Considerations during anaesthetic induction:

● Adequate preoxygenation and
check the ability to ventilate prior to
muscle relaxation.

● Consider spraying the vocal cords
with lidocaine prior to intubation to
reduce coughing on emergence.

● Avoid overinflating the tube cuff to minimise vocal
cord/tracheal damage.

● If there are any concerns regarding the airway in the preoperative assessment, consider the following options:

  • inhalational induction with sevoflurane;
  • awake fibreoptic intubation;
  • tracheostomy under local anaesthetic performed by a surgeon;
  • ventilation through a rigid bronchoscope

___________________________

Considerations during the maintenance phase:

● Intravenous/inhalational maintenance with the use of a remifentanil infusion reduces the need for muscle relaxation and allows intraoperative electrophysiological monitoring of the recurrent laryngeal nerve,
if required in complicated cases.
It also provides a bloodless surgical field.
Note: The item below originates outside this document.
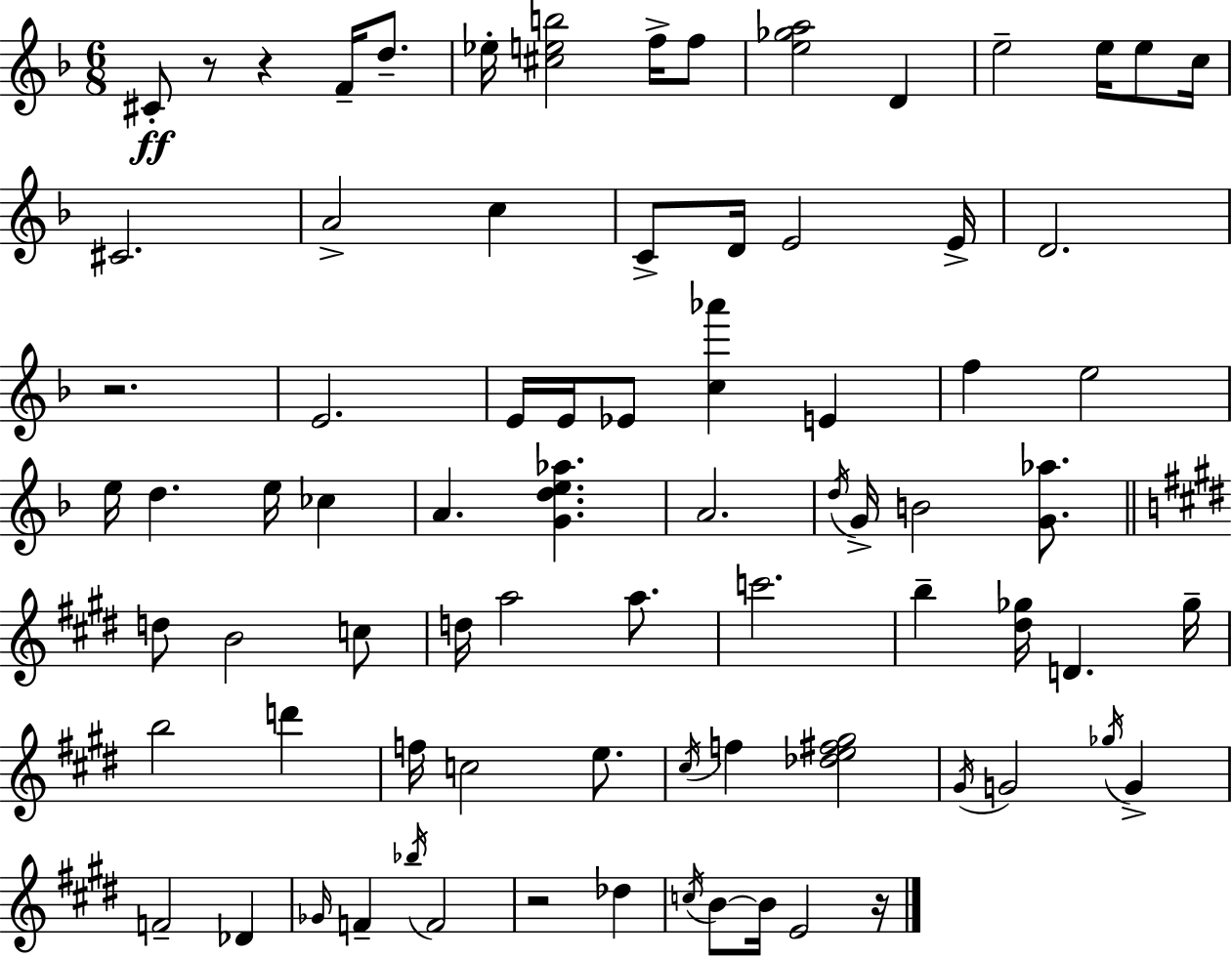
C#4/e R/e R/q F4/s D5/e. Eb5/s [C#5,E5,B5]/h F5/s F5/e [E5,Gb5,A5]/h D4/q E5/h E5/s E5/e C5/s C#4/h. A4/h C5/q C4/e D4/s E4/h E4/s D4/h. R/h. E4/h. E4/s E4/s Eb4/e [C5,Ab6]/q E4/q F5/q E5/h E5/s D5/q. E5/s CES5/q A4/q. [G4,D5,E5,Ab5]/q. A4/h. D5/s G4/s B4/h [G4,Ab5]/e. D5/e B4/h C5/e D5/s A5/h A5/e. C6/h. B5/q [D#5,Gb5]/s D4/q. Gb5/s B5/h D6/q F5/s C5/h E5/e. C#5/s F5/q [Db5,E5,F#5,G#5]/h G#4/s G4/h Gb5/s G4/q F4/h Db4/q Gb4/s F4/q Bb5/s F4/h R/h Db5/q C5/s B4/e B4/s E4/h R/s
● Positioning with the head extended and sandbag under the shoulders for optimal surgical access.

● Eyes should be adequately padded especially in patients with
exophthalmos.

● Avoid neck ties and maintain a head-up tilt to aid venous drainage.

Maintain good access to an intravenous drip in the hands via long
extensions.

Analgesia with local infiltration by the surgeon and simple analgesia
plus weak opioids.
● Multimodal antiemetics.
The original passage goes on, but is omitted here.